Schneider Rieti, la battaglia e le speranze dei 180 lavoratori
La vertenza è cominciata nel 2012, quando l’azienda ha annunciato la chiusura per investire in Francia e in Bulgaria
Uno stabilimento all'avanguardia nell'automazione per la produzione di diversi modelli di interruttori elettrici. All'improvviso la multinazionale francese Schneider electric comunica ai 180 lavoratori del sito reatino che da aprile 2014 la sede avrebbe chiuso per trasferire la produzione in Bulgaria. La vertenza Schneider è cominciata in modo totalmente inaspettato quando, nel novembre 2012, la multinazionale francese ha annunciato la chiusura dello stabilimento reatino, dove lavoravano 180 operai altamente specializzati, impegnati nella fabbricazione di diversi modelli di interruttori elettrici.
La Schneider, un colosso da 19 miliardi di fatturato mondiale e 110 mila dipendenti, ha annunciato che avrebbe abbandonato l'Italia per investire in Francia e in un paese low-cost, in questo caso la Bulgaria.
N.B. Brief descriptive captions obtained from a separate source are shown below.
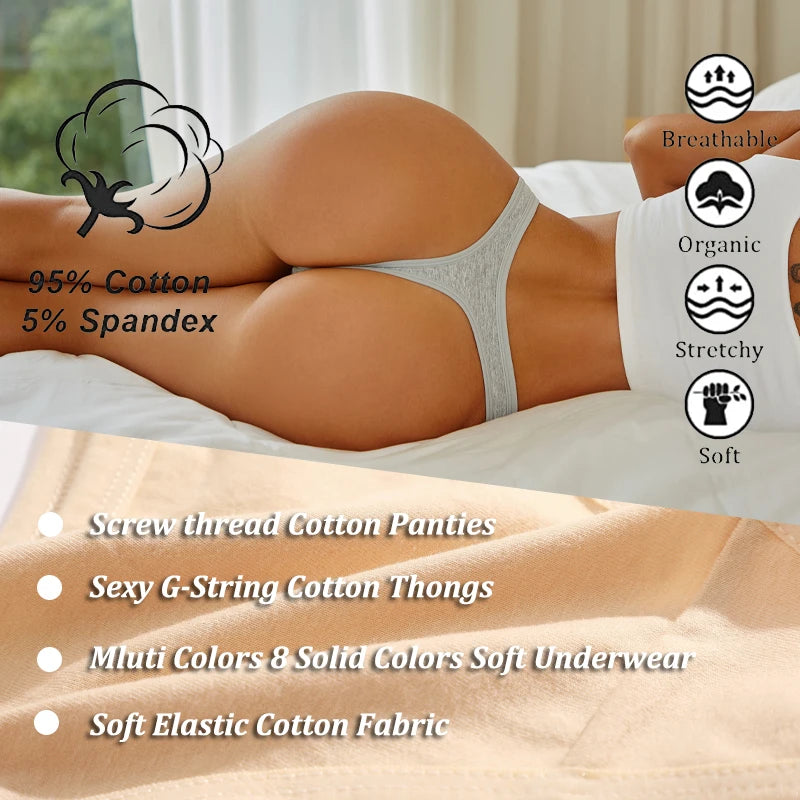 Person wearing a white G-string with text highlighting fabric properties and product features.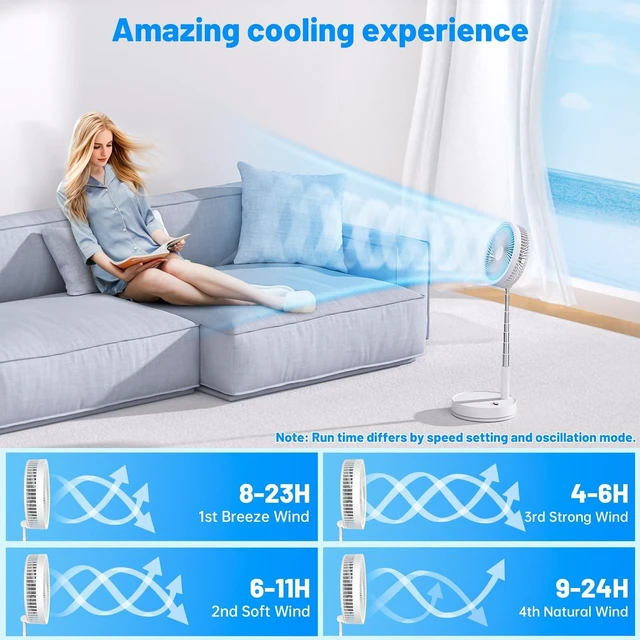 Alt view image 4 of 6 - Portable Foldable Oscillating Travel Fan - 8.6" Battery Powered | 4 Speeds, Timer, Quiet, 8000mAh Rechargeable, Remote Control. Stand/Desk Pedestal Ventilador, Ideal for Sleep Office Camping
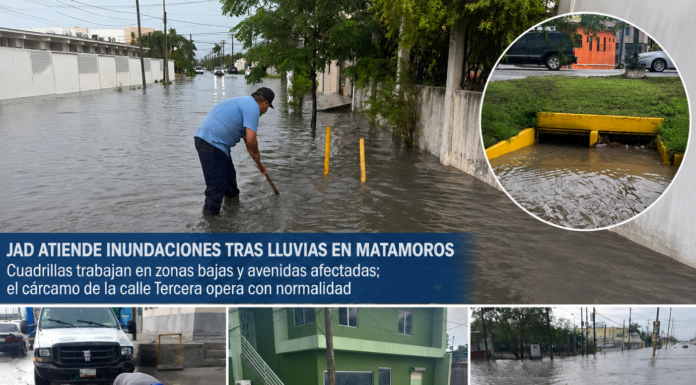 JAD atiende inundaciones tras lluvias en Matamoros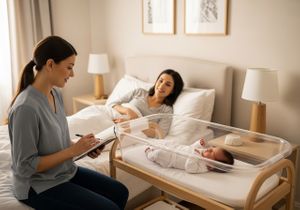 Midwife Visiting New Mother and Baby at Home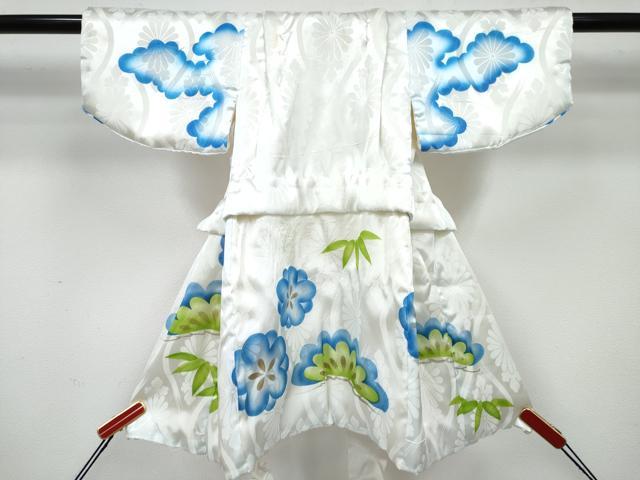 平和屋着物[]七五三　男の子　祝着・被布セット　刺繍　鷹　鷲　笹松花文　金彩　箱付き　洗える着物　DABG3209ma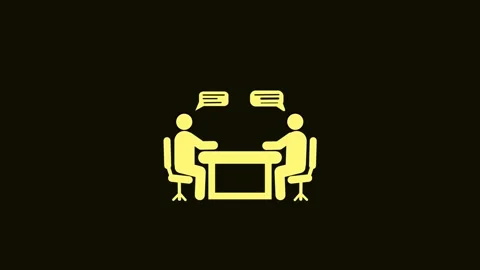 Two people at a table with speech bubbles in yellow on a dark animation bac.. Stock Footage 321854888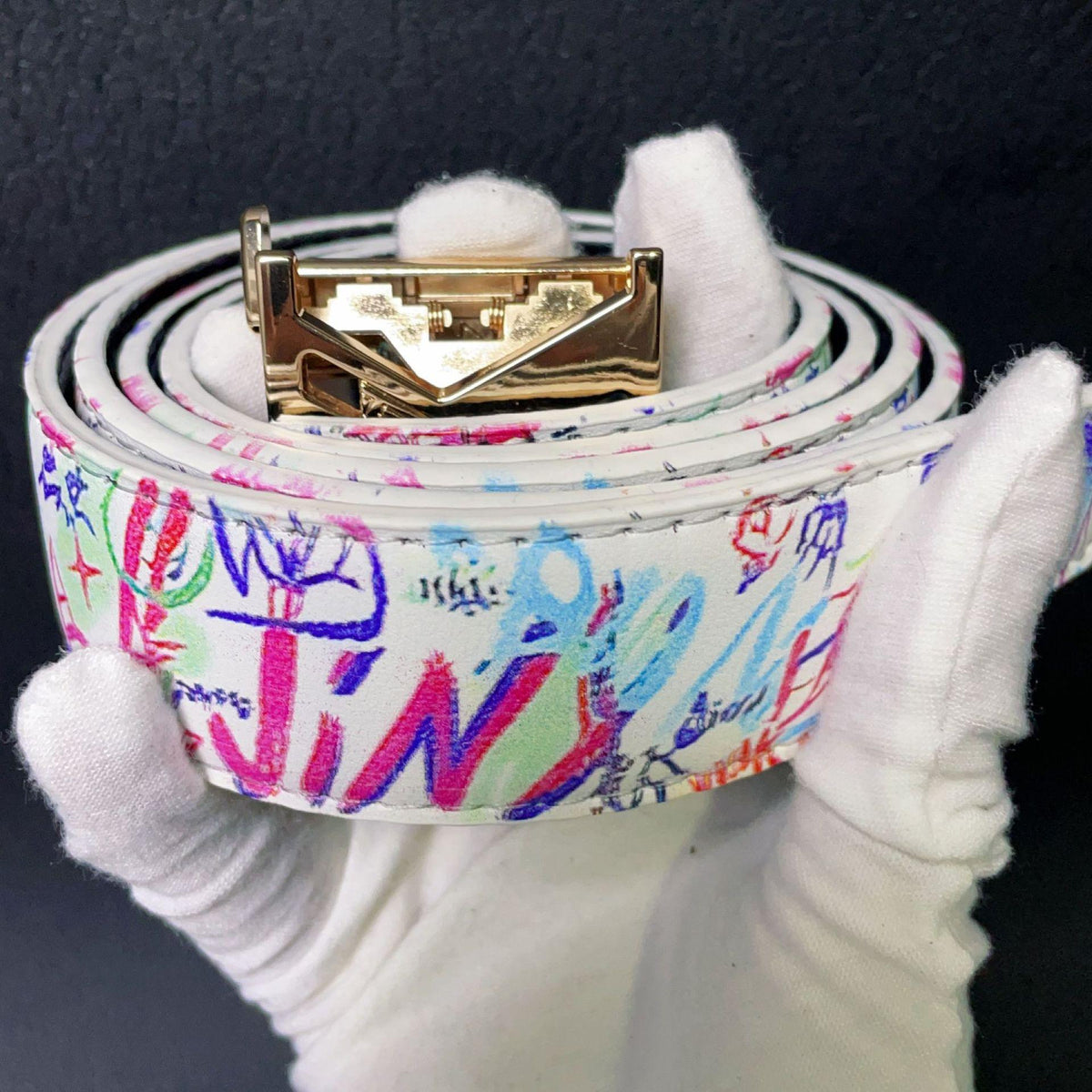 New Men's Graffiti Belt Letter L Automatic Buckle Full Card Slot Trendy All-Match Student Belt Jeans Internet Celebrity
Dopo l'annuncio della chiusura, Schneider ha avviato lo svuotamento dello stabilimento offrendo 37 posti in altri siti di cui 22 al Nord Italia e 15 in Francia.
Ma gli operai di Rieti non si sono arresi: solo pochissimi hanno accettato la proposta mentre la maggioranza ha deciso, appoggiati dai sindacati, di chiedere una soluzione che potesse coinvolgere tutti i 180 dipendenti, un percorso individuato anche dal ministero dello Sviluppo Economico, ovvero una soluzione industriale per il sito. Il paradosso è che l'azienda è un modello di eccellenza nell'automazione, mentre il prodotto che sostituirà quello attualmente costruito all'interno del sito reatino, sarà costruito in manuale. Rieti era in testa alle classifiche sul sistema di produzione Schneider, nessuno si aspettava la chiusura. Secondo le oo.ss. la soluzione industriale esiste. La multinazionale ha investito 4 milioni in Bulgaria e 18 milioni in Francia ma uno studio dimostrerebbe che con un impegno di 1,5 milioni lo stabilimento potrebbe essere competitivo.
Al momento la produzione è ferma, con gli operai in cassa integrazione che seguono un corso di formazione un giorno a settimana. La speranza rimane quella della reindustrializzazione, con l'arrivo di un acquirente che possa rilevare lo stabilimento e riassumere i lavoratori.